Тема 12 Классицизм в русском церковном искусстве.

 

Классицизм (от лат. Примерный), является более сложным и неоднозначным стилем, который пережил глубокие изменения и наполнился новым содержанием во второй пол. XVIII ст. Как целостная система он начал функционировать во Франции в XVII ст. в эпоху подъема абсолютизма; теоретические принципы стиля изложил Н. Буало (1636-1711) в поэме «Искусство поэтическое». Основываясь на принципах философского рационализма, классицизм воспитывал идеальное представление о разумной и справедливой власти образованного монарха, поэтому в художественных произведениях преобладали гражданские, героические и патриотические мотивы. В духе античного эстетического идеала утверждался чёткий раздел жанров искусства на «высокое» и «низкое».

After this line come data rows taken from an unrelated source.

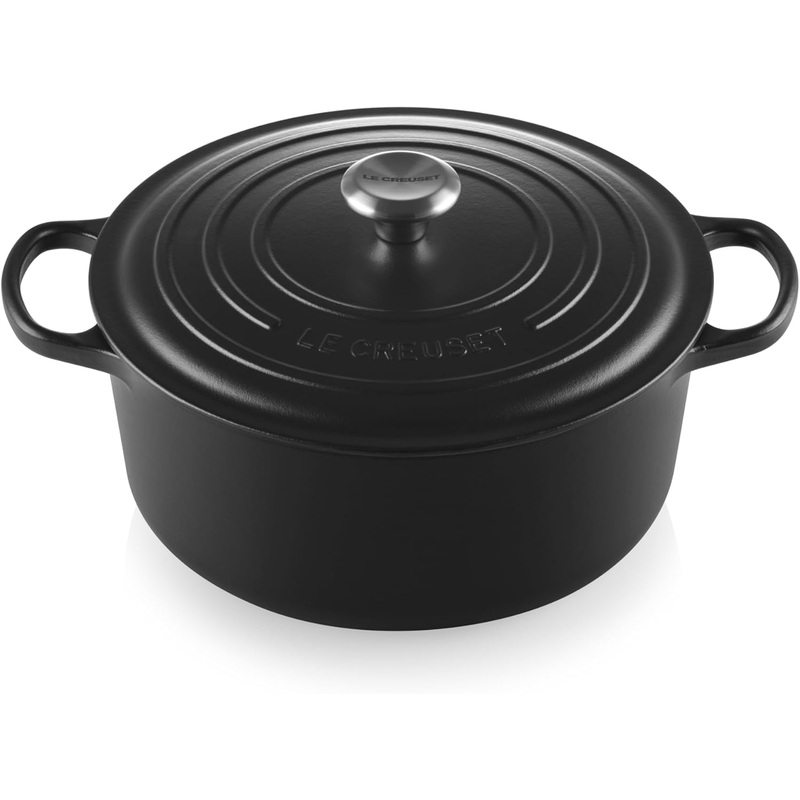 Le Creuset 7 1/4 Qt. Signature Round Dutch Oven w/Stainless Steel Knob - Licorice- Personalized Engraving Available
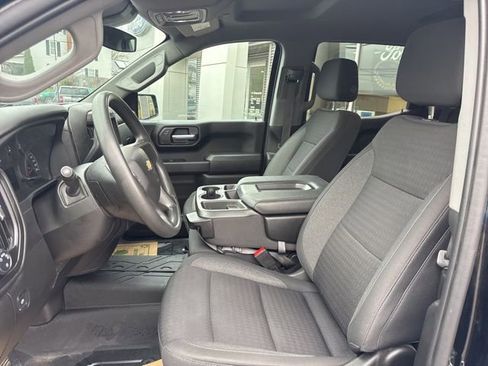 Used 2022 Chevrolet Silverado 1500 Custom image 20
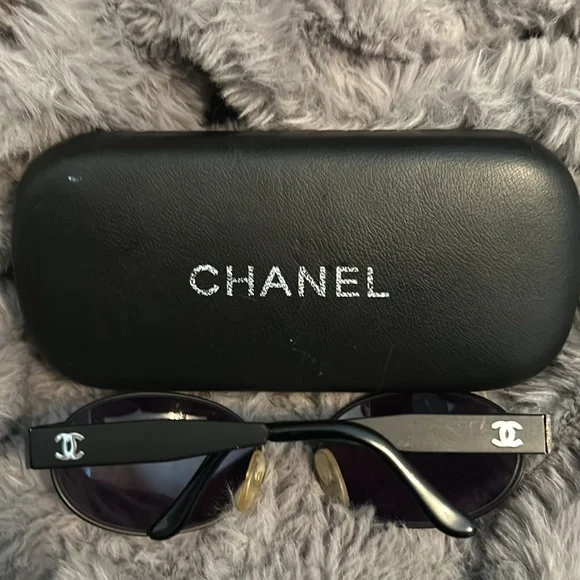 Chanel Sunglasses w/ Case - Picture 2 of 6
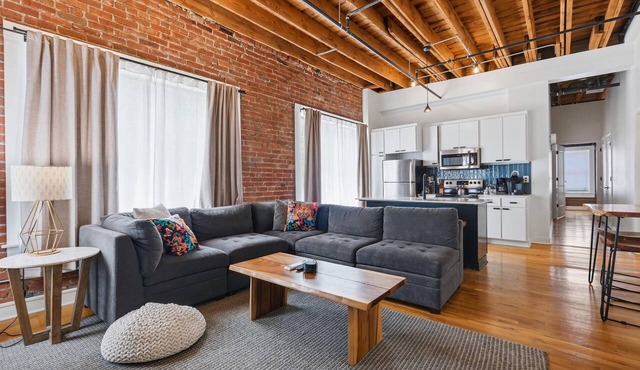 Oak St Lofts #1 - Downtown Loft w/Private Parking, Walk to T-Mobile Center and Streetcar!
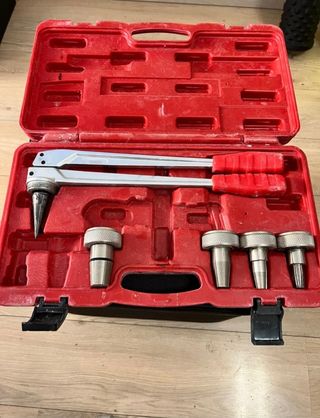 Alquiler de Expansor wirsbo uponor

Барокко и классицизм можно рассматривать как культурно-мировозренцеское явление.

 

Поворот к классицизму

“В 1748 г. какой-то пахарь в окрестностях Неаполя наткнулся в земле на остатки старого здания. Когда последнее отрыли, оказалось, что это были хорошо сохранившиеся стены одного из домов римского города Помпеи, засыпанного некогда пеплом Везувия. Предпринятые вскоре раскопки произвели полный переворот в искусстве 18-го века и открыли эру нового классицизма”.
В таком роде нередко излагается история того гигантского перелома, который произошел в художественной жизни Европы около середины 18-го века и привел к крушению барокко и возрождению классицизма. Выходит почти так, что виновником возрождения классических идеалов был бедный неаполитанский пахарь. Помпейские раскопки сыграли в этом повороте известную роль, но далеко не главную. Достаточно сказать, что еще тридцатью годами раньше, чем Помпея, был открыт Геркуланум, но тогда это не произвело такого потрясающего впечатления. Почему же это новое открытие взволновало теперь весь мир? Потому, что оно совпало с целым рядом других факторов, роковым образом направлявших вкусы Европы назад, к временам древнего Рима и Эллады. Смена одного стиля другим не произошла внезапно, и нет возможности даже приблизительно отметить грань, отделяющую эпоху барокко от эпохи возрожденного классицизма. В искусстве Европы на протяжении последних четырех столетий. Все сменявшие друг друга стили можно свести к непрерывной борьбе двух начал — тяготения к классике и жажды новизны, другими словами, — начала охранительного и революционного. Искусство первого типа всегда оглядывается назад и живет только прошлым, искусство второго глядит неизменно вперед и живет настоящим. Художники, стойко ратующие за традиции, всегда любовно и благоговейно относятся к сокровищнице искусства прошлых веков, художники-революционеры, напротив, скорее равнодушны ко всему старому и не только не охраняют его, но если случится, то с легким сердцем разрушают старину. Искусство “классиков” совершеннее по форме, всегда выхолено и отточено, но и всегда подернуто легким холодком, искусство “новаторов” не преследует совершенства формы, которая часто отличается намеренной грубостью, но оно сильно отвагой и пламенной верой в себя.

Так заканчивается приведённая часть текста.